The violence and loss is met with the classic urban phrase, "What are you gonna do?" The loyalty and allegiance that is at once the lifeblood and the illusion of Mafia life is summarized with Paulie's phrase, "When I get put to the test, what will I do?"
How could we have been brought to care so deeply for such unattractive people? Well, not like freaks in a carnival. Each character showed us so much of our own humanity, and taught us something about the value of unsparing, unsympathetic honesty.
And yes, the ending is intentionally ambiguous. This is, perhaps, the only way it could have ended, as others have said here.
Well, whaddaya gonna do?"
"Look at us, morbid f----s" (Careful, Spoilers)

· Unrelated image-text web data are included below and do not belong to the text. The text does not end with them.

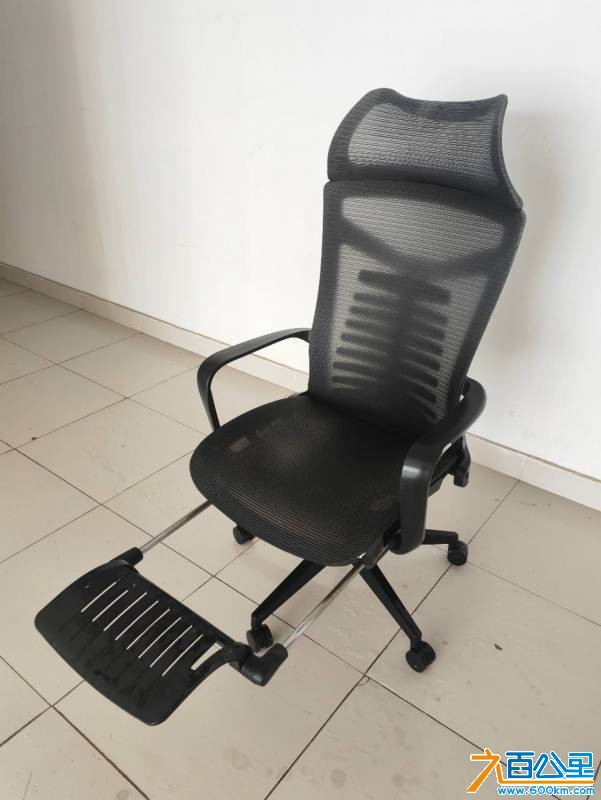 wechat_upload1772088889699fee39405ae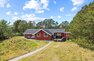 Sommerhus 71165 på Grøndalvej 52, Fanø Bad - Billede #1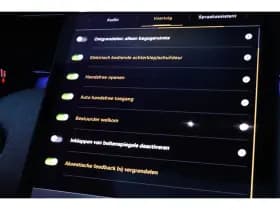 Citroën C5 Aircross thumbnail 40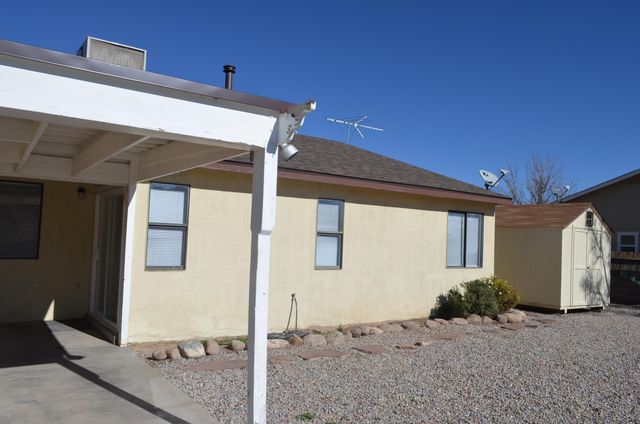 225 PUMICE Loop NE, Rio Rancho, NM 87124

E. Kutinsky | Seattle, WA | 09/24/2007
(5 out of 5 stars)
"If you manage to still be one of those people complaining about the ending of "Made In America," the final hour of The Sopranos, may I congratulate you - you've managed to prove something that many of us who love the episode know to be true: you simply cannot get the thing out of your head. I spent days after it aired thinking the initial cut to black did not mean what my gut reaction felt - that Tony and his family were gunned down and David Chase simply opted not to show it, and that instead it proved that in this existence, the anxiety is more "real" than life or death. I think that is true, but I also think I was reluctant to admit the intention of that scene, based on the rich creation of those characters - not knowing that The Sopranos are dead spares us the reality that The Sopranos are dead; my analysis was a little self-protective. It is, however, the anxiety that seals it, in a (half) season full of one shock after another, the grim truth that, as Tony states in "Soprano Home Movies" - "80% of the time, this thing ends in the can like Johnny Sack, or on the embalming table," and Tony, probably, faces both. This is the season that redefines fearlessness, setting off one bomb after another - exploding the ferocity barely masked in Christopher's addiction ("Walk Like A Man," which should've given Michael Imperioli a victory lap Emmy) only to shock us with his first-act death an episode later ("Kennedy and Heidi"). Having Janice state that she will never become her mother ("Soprano Home Movies") while her destiny seems to be exactly the opposite (Junior mistakes her for Livia in their final moments together). The season is so extraordinary, it shows us the last moments of Junior's sanity in "Remember When," but does so with so little fanfare, we don't realize just what we saw until the very end. It turns Chrisopher's death in "Kennedy and Heidi" into an uncomfortable rumination on those of us that remain alive. It shocks us with Tony's humanity (his suited dive into the pool to save AJ in "The Second Coming") while fulfilling his vileness (the moment we're certain he'll kill Paulie in "Remember When"). So much can be said about each astonishing installment here - and its final second ensures that most things will get said - that it bares stating the simplest of facts: this is the most visionary work ever created on television, and no amounts of repeated viewings can do it justice."